* Data shown
================================
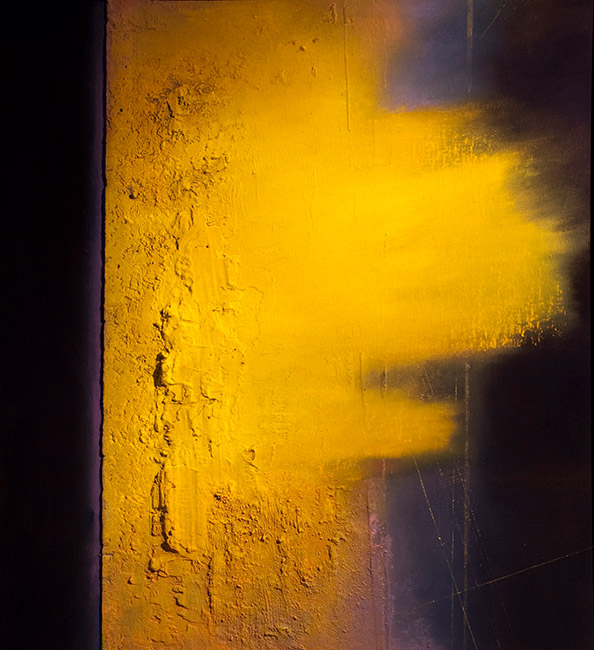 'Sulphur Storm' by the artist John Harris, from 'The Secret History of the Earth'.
================================
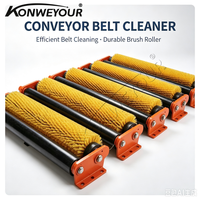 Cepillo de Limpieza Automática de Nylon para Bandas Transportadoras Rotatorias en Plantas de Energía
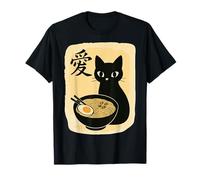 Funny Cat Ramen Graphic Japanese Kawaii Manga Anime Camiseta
================================
* Task brief
Could the stretch from the line with "Cepillo de Limpieza" through the line with "Funny Cat Ramen" in the listing above be restated word for word, minus the pictures?

* Expected output
 Cepillo de Limpieza Automática de Nylon para Bandas Transportadoras Rotatorias en Plantas de Energía
 Funny Cat Ramen Graphic Japanese Kawaii Manga Anime Camiseta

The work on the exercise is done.